TASK ITEM —
Each line from the one containing "스콘 TEA43UHD (상하좌우형 벽걸이)_이미지" through the last line of the records is to be repeated exactly, with all pictures left out.

INFORMATION PROVIDED —
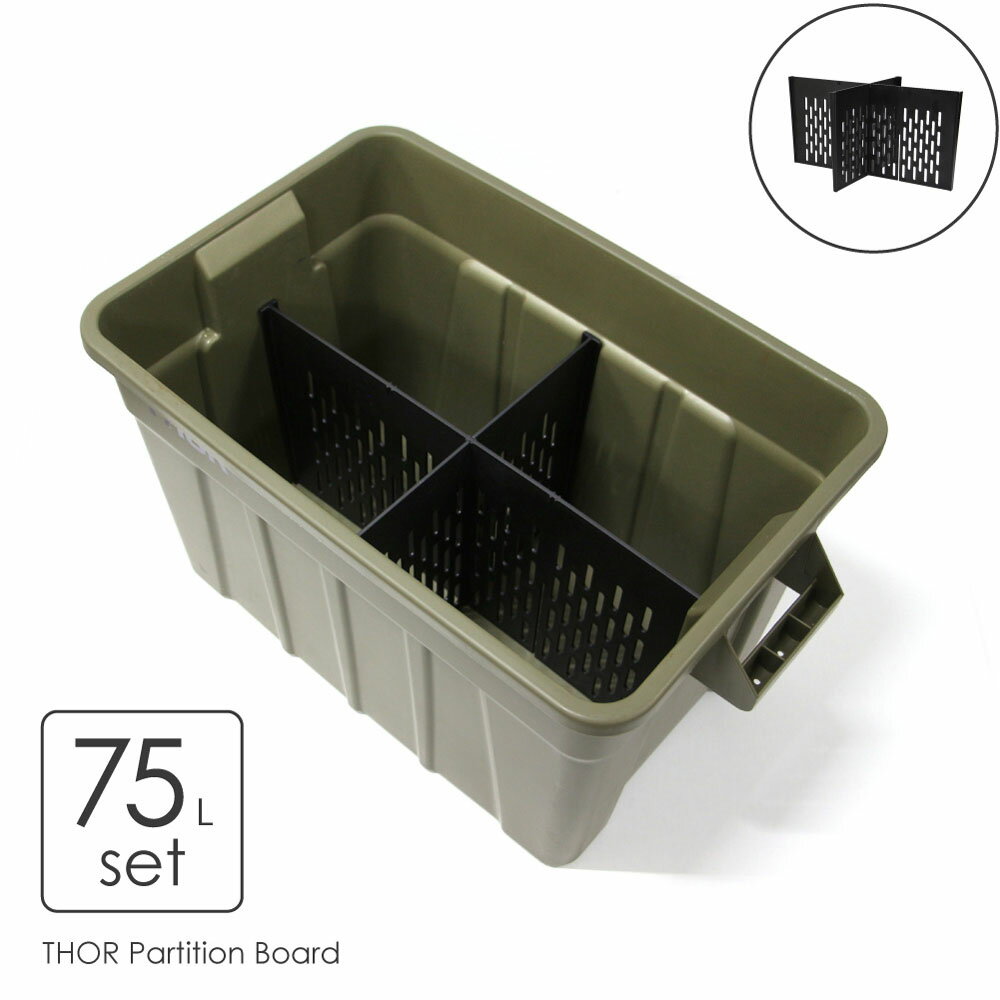 THOR Partition Board "75L set" ソー パーテーション ボード 仕切り 仕切り板 整理整頓 オプション パ..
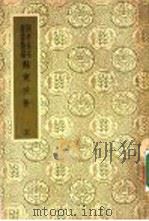 国爱基本业书简编  苏东坡集  5  13     PDF电子版封面    苏轼著 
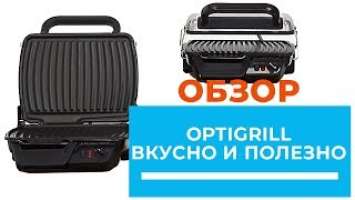 Контактный гриль Health Grill Comfort GC 3060 - обзор от DENIKA.UA (Tefal GC 3050; Tefal GC 3060)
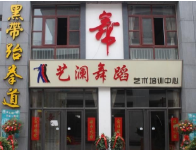 藝瀾舞蹈培訓(xùn)中心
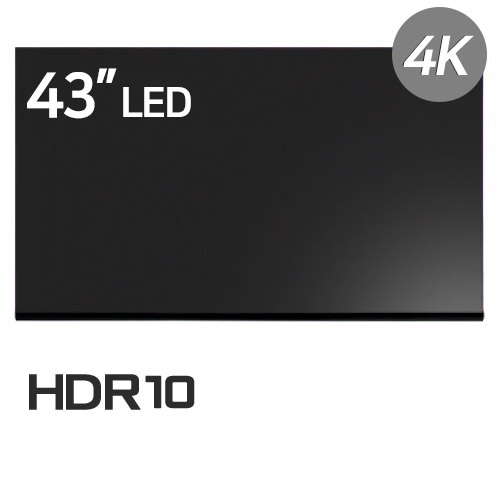 스콘 TEA43UHD (상하좌우형 벽걸이)_이미지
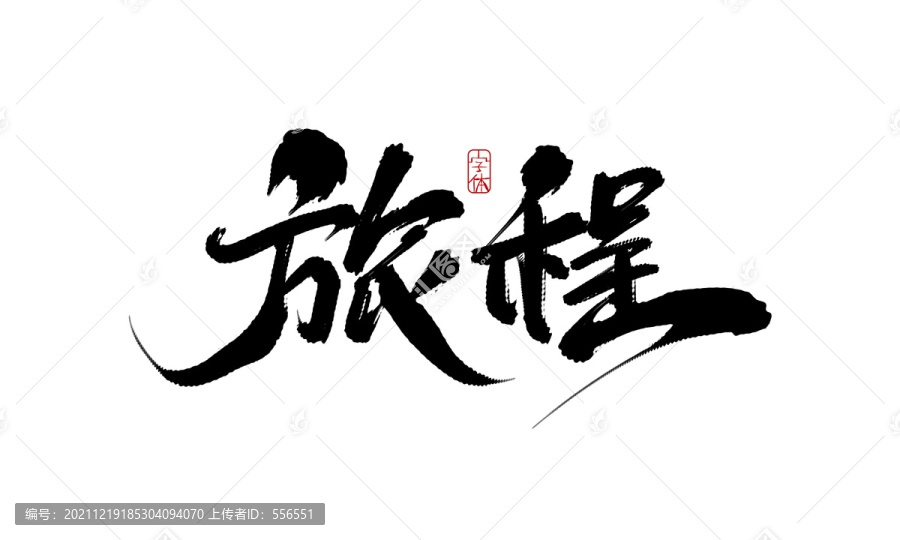 旅程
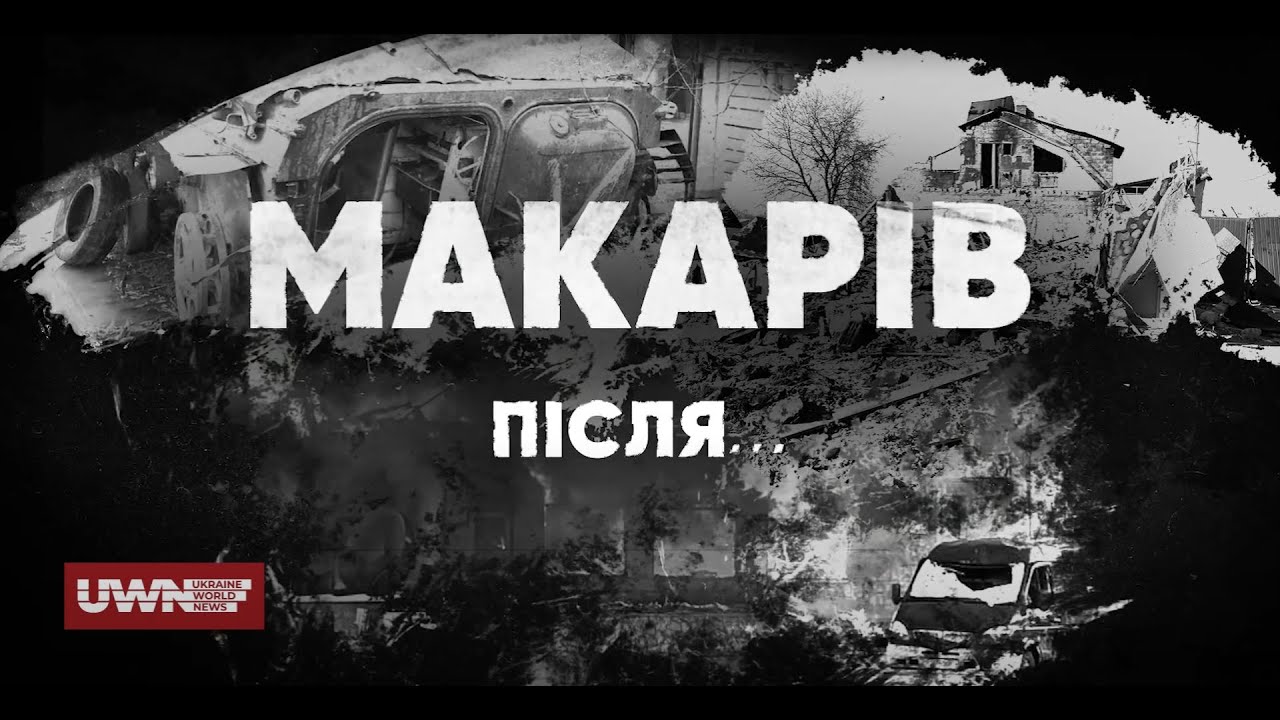 Документальний проєкт UWN «Макарів. Після...». Як селище стримало наступ російських окупантів?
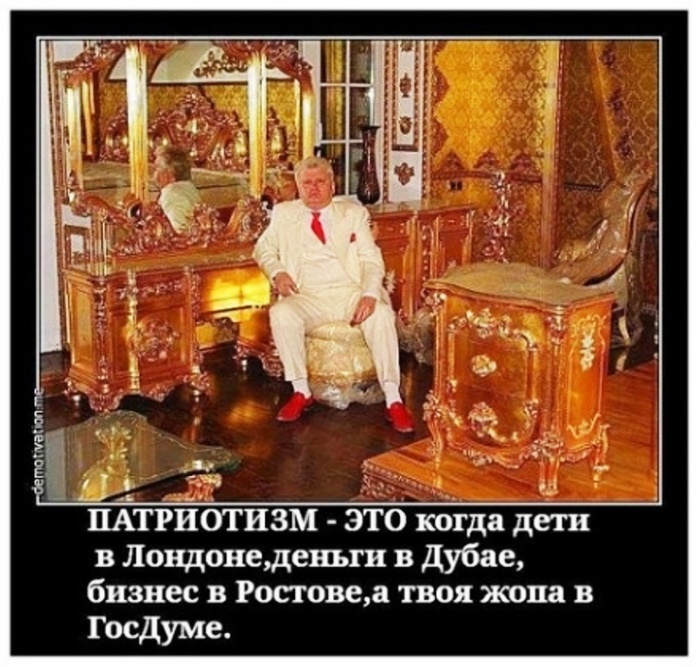  (700x667, 163Kb)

ANSWER BELOW —
 스콘 TEA43UHD (상하좌우형 벽걸이)_이미지
 旅程
 Документальний проєкт UWN «Макарів. Після...». Як селище стримало наступ російських окупантів?
  (700x667, 163Kb)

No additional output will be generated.